§ HOW TO COMPLETE THIS TASK:
Please retype the records below exactly, leaving out any pictures.

——

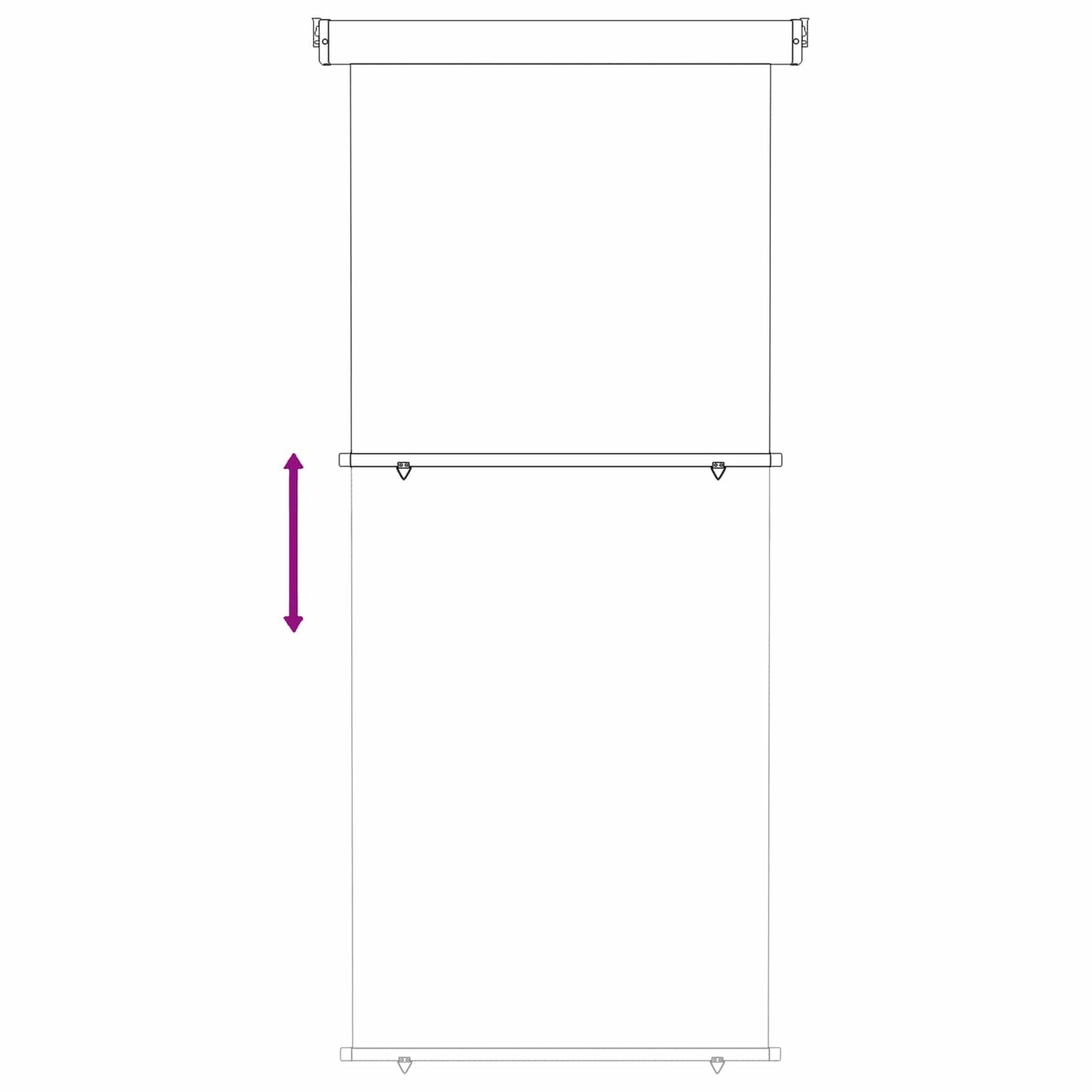 Balkon Seitenmarkise 100 x 250 cm 100% Polyester Eisen Stahl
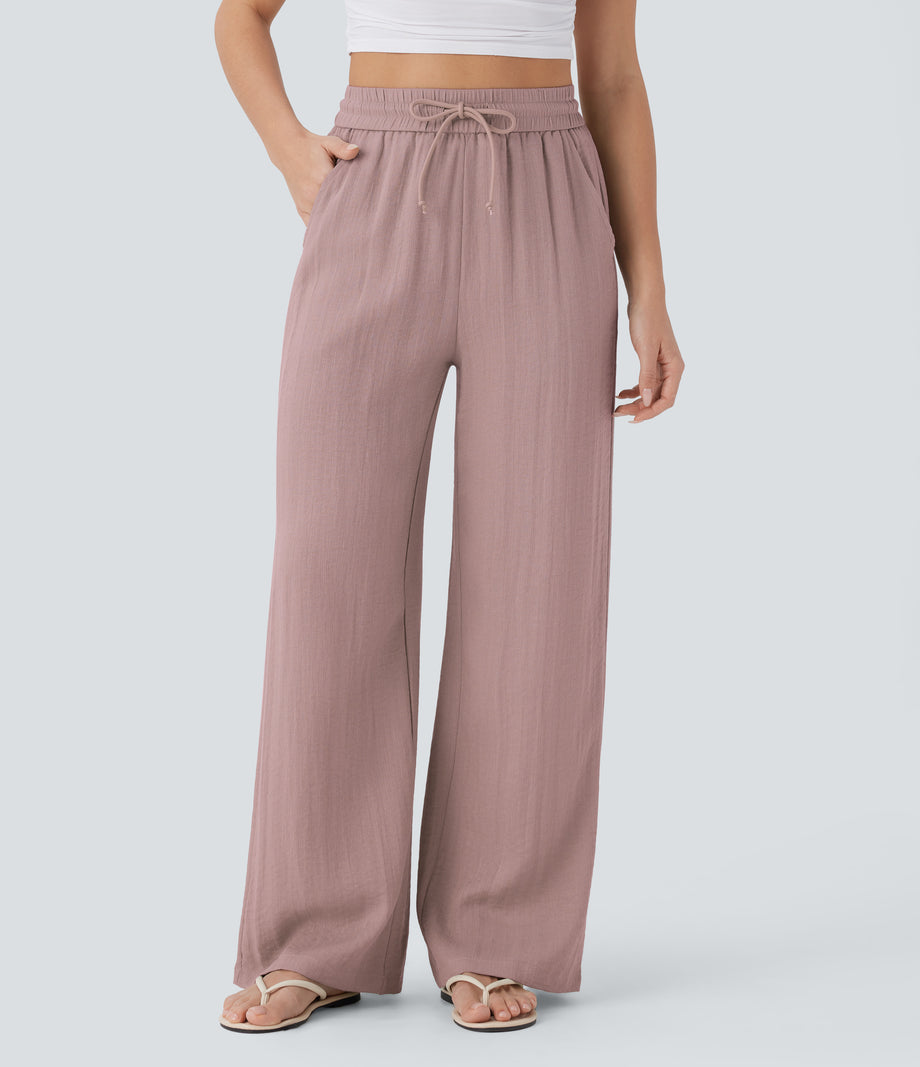 High Waisted Drawstring Pocket Wide Leg Baggy Casual Linen-Feel Pants - Deauville Mauve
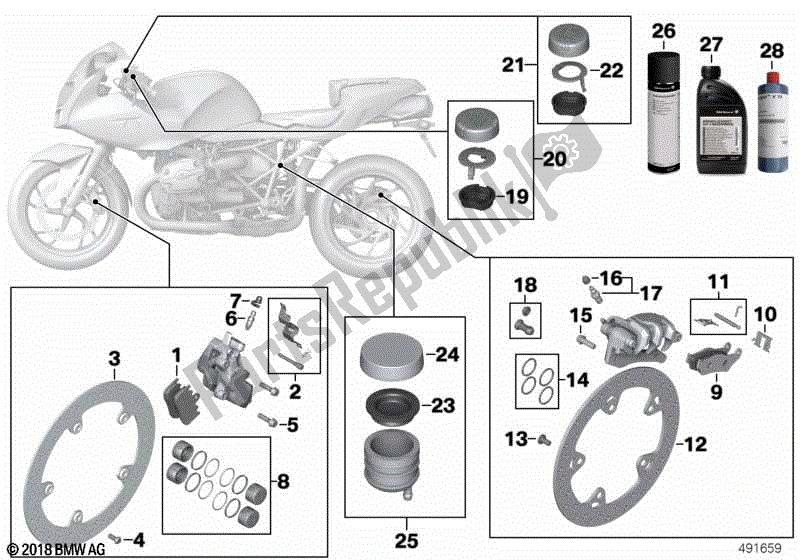 Toutes les pièces pour le Service De Freinage du BMW R 1200S K 29 2006 - 2007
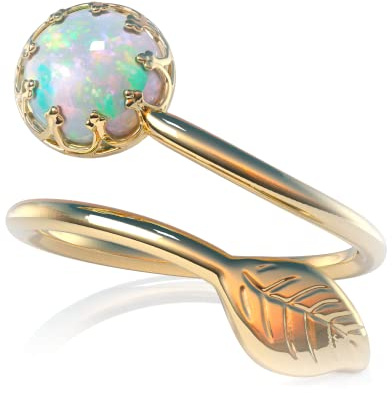 Weißer Opalring in goldgefüllter runder Form 14K Gold gefüllter Ring mit Blatt für Frauen Opal Damenring (Gold Filled Leaf)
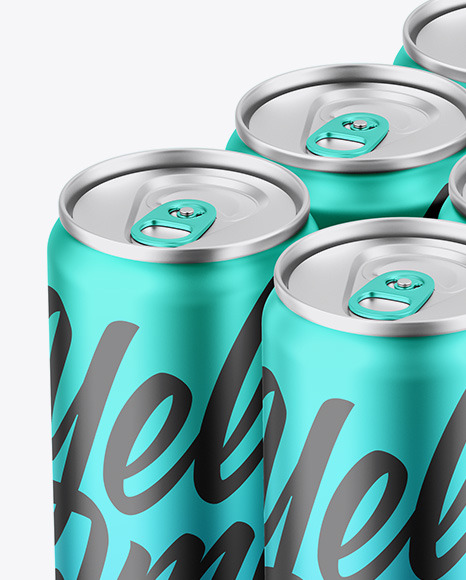 Matte Metallic Cans in Shrink Wrap Mockup PSD #7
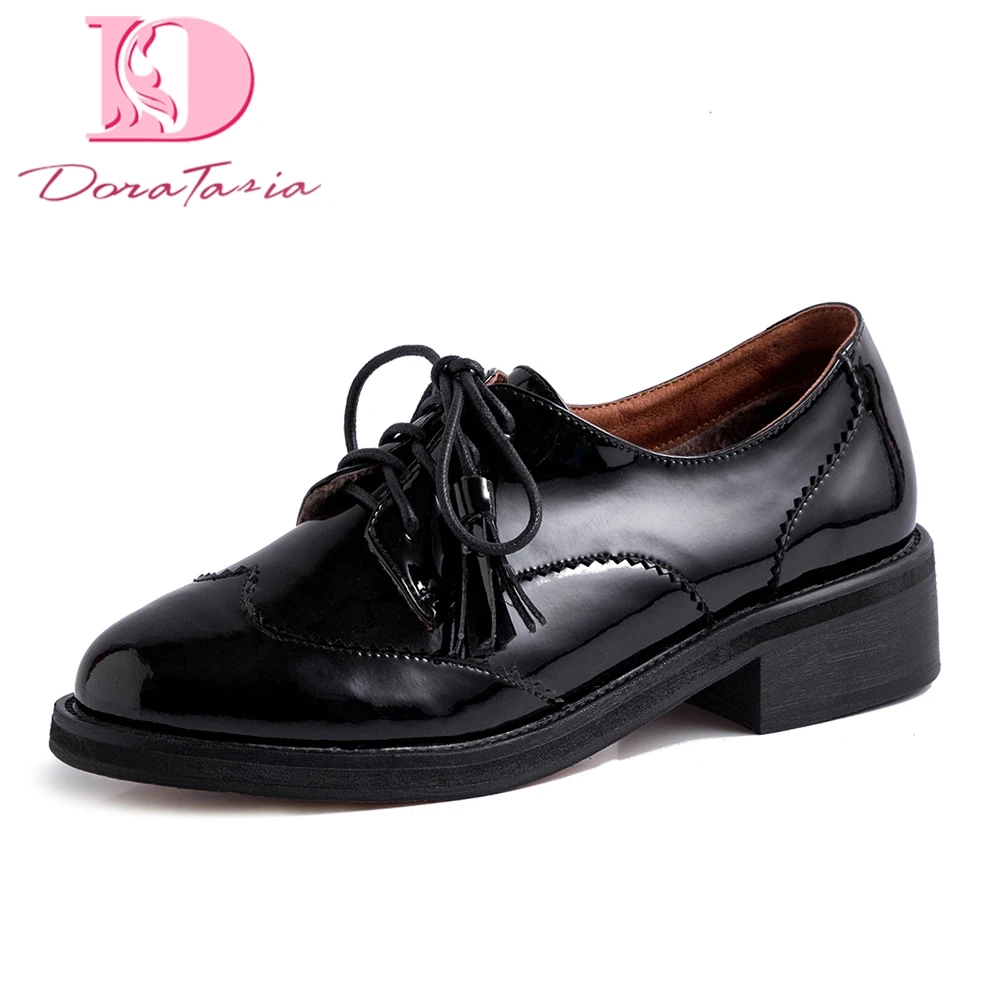 

Fashion Luxury Patent Leather Shoes Woman Flats Female Lace Up Casual Comfortable Brogue Flats Women Shoes Footwear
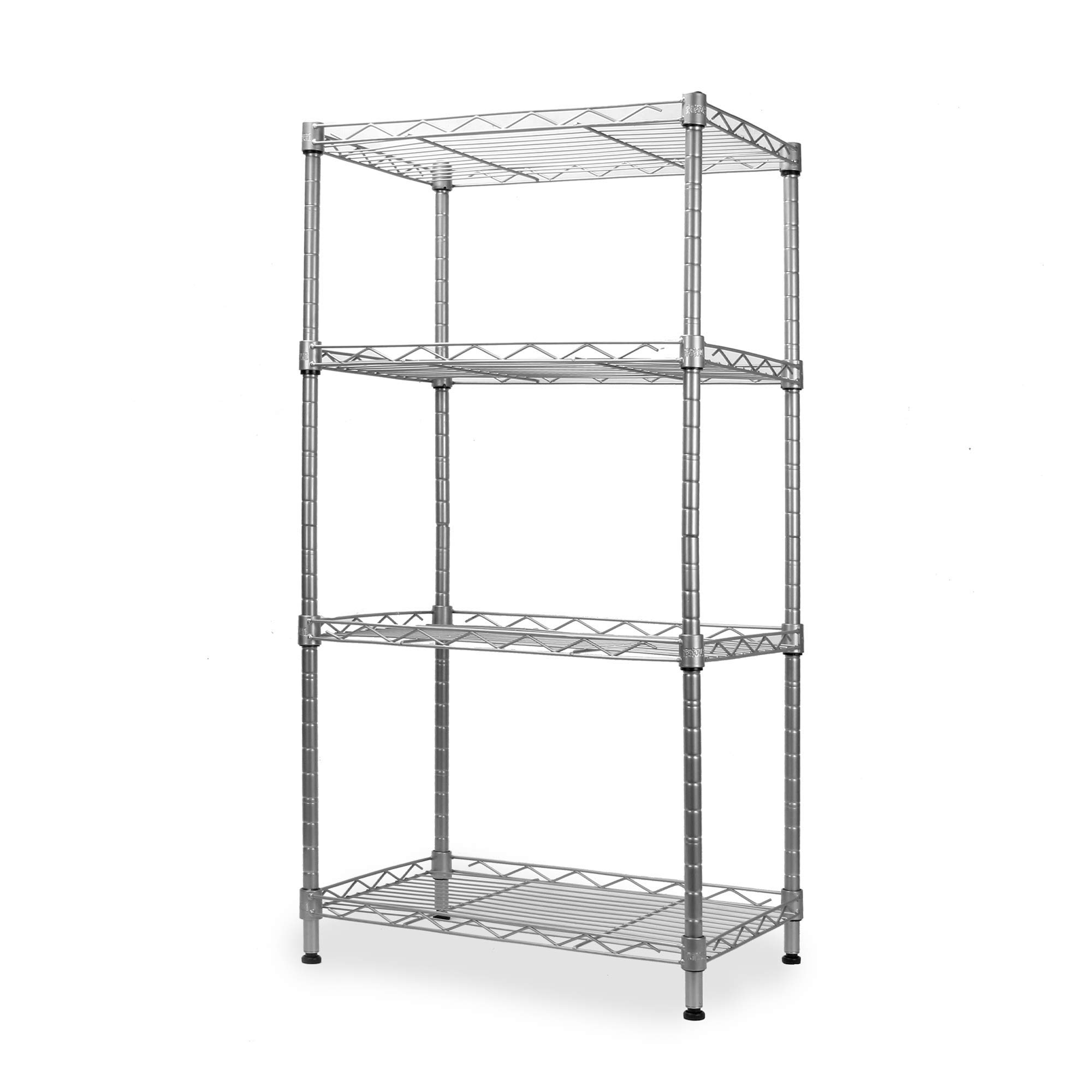 Maison & White 4 Tier Shelving Unit | Kitchen, Bathroom & Garage Storage Rack | Standing Shelf Organiser | Metal Storage Shelves | Organisation Rack | M&W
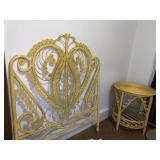 CURLY WICKER TWIN SIZE HEADBOARD AND MATCHING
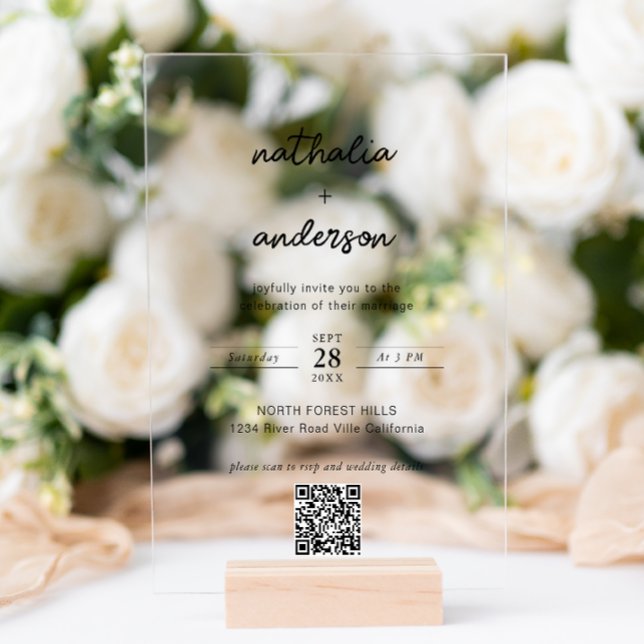 Invitations En Acrylique Mariage de code QR de script simple moderne (Créateur téléchargé)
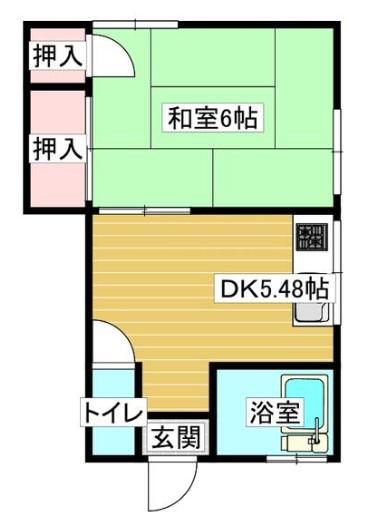 中田コーポ(1DK/2階)の間取り写真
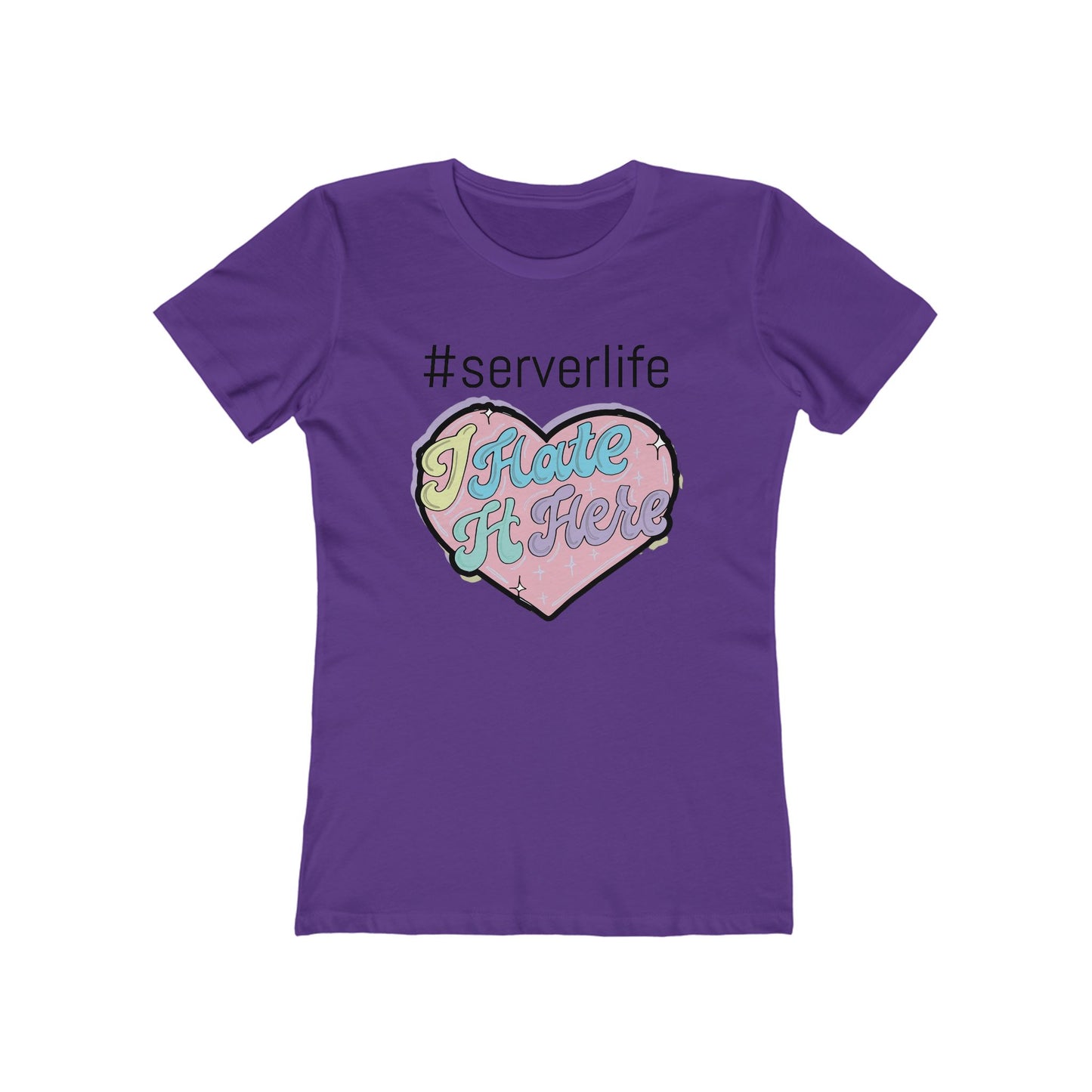 Trendy Server Life Tee for Women, Fun Casual Wear, Graphic T-Shirt, Heart Design Shirt, Perfect for Servers and Foodies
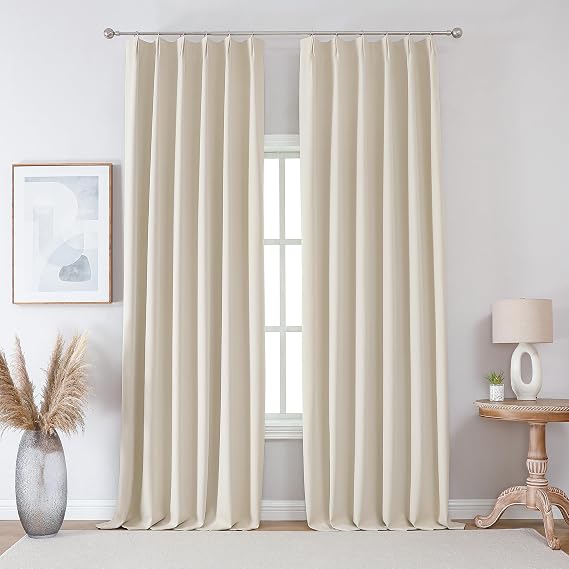 Beige Pinch Pleated Curtains 102 Inches Long 2 Panels with Tailored Memory Shape Pleat and Hooks Drapes, Room Darkening Floor to Ceiling Window Curtains for Living Room,Cream Beige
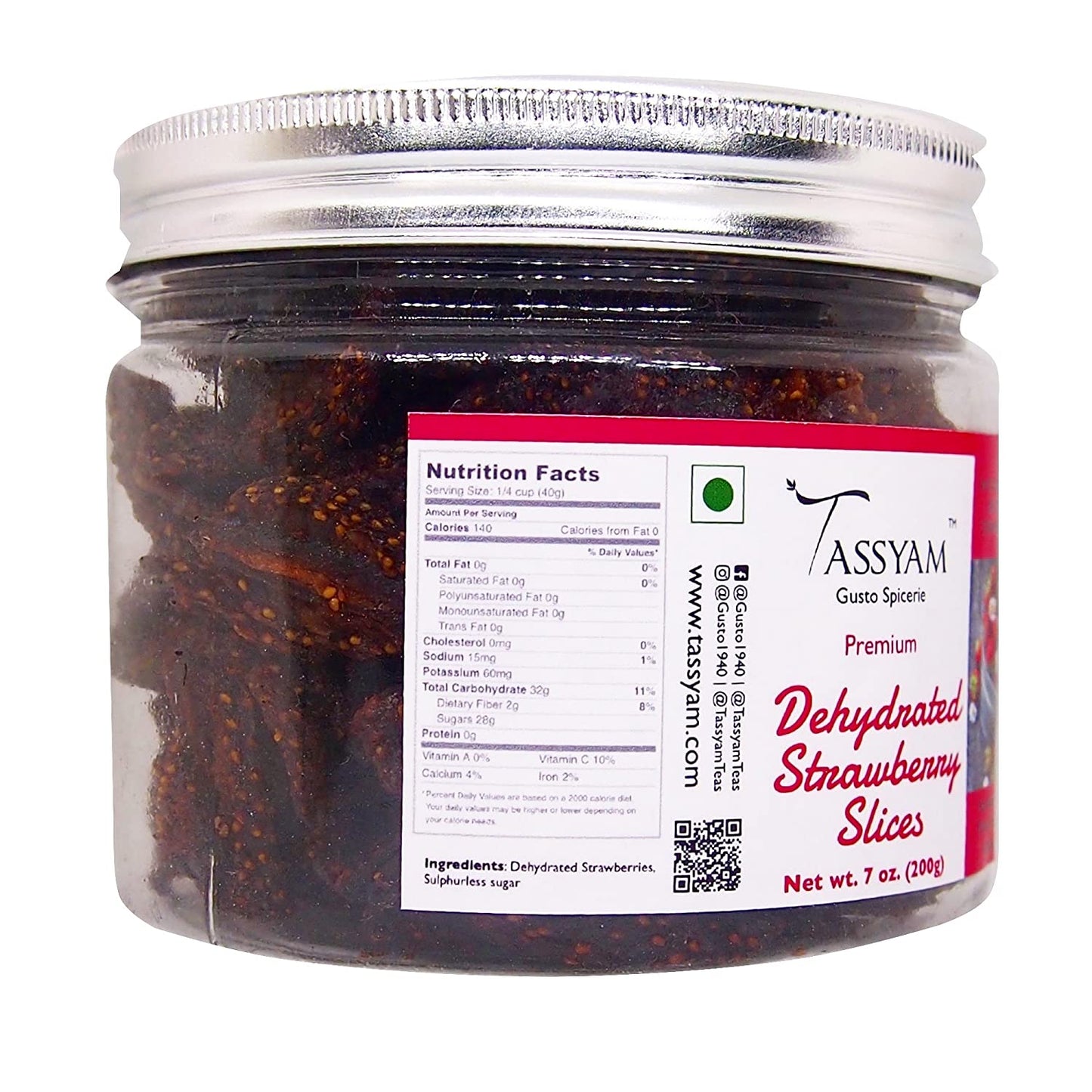 Dehydrated Strawberry Slices 200g Jar - Tassyam Organics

——

§ OUTPUT OF THE TASK:
 Balkon Seitenmarkise 100 x 250 cm 100% Polyester Eisen Stahl
 High Waisted Drawstring Pocket Wide Leg Baggy Casual Linen-Feel Pants - Deauville Mauve
 Toutes les pièces pour le Service De Freinage du BMW R 1200S K 29 2006 - 2007
 Weißer Opalring in goldgefüllter runder Form 14K Gold gefüllter Ring mit Blatt für Frauen Opal Damenring (Gold Filled Leaf)
 Matte Metallic Cans in Shrink Wrap Mockup PSD #7

Fashion Luxury Patent Leather Shoes Woman Flats Female Lace Up Casual Comfortable Brogue Flats Women Shoes Footwear
 Maison & White 4 Tier Shelving Unit | Kitchen, Bathroom & Garage Storage Rack | Standing Shelf Organiser | Metal Storage Shelves | Organisation Rack | M&W
 CURLY WICKER TWIN SIZE HEADBOARD AND MATCHING
 Invitations En Acrylique Mariage de code QR de script simple moderne (Créateur téléchargé)
 中田コーポ(1DK/2階)の間取り写真
 Trendy Server Life Tee for Women, Fun Casual Wear, Graphic T-Shirt, Heart Design Shirt, Perfect for Servers and Foodies
 Beige Pinch Pleated Curtains 102 Inches Long 2 Panels with Tailored Memory Shape Pleat and Hooks Drapes, Room Darkening Floor to Ceiling Window Curtains for Living Room,Cream Beige
 Dehydrated Strawberry Slices 200g Jar - Tassyam Organics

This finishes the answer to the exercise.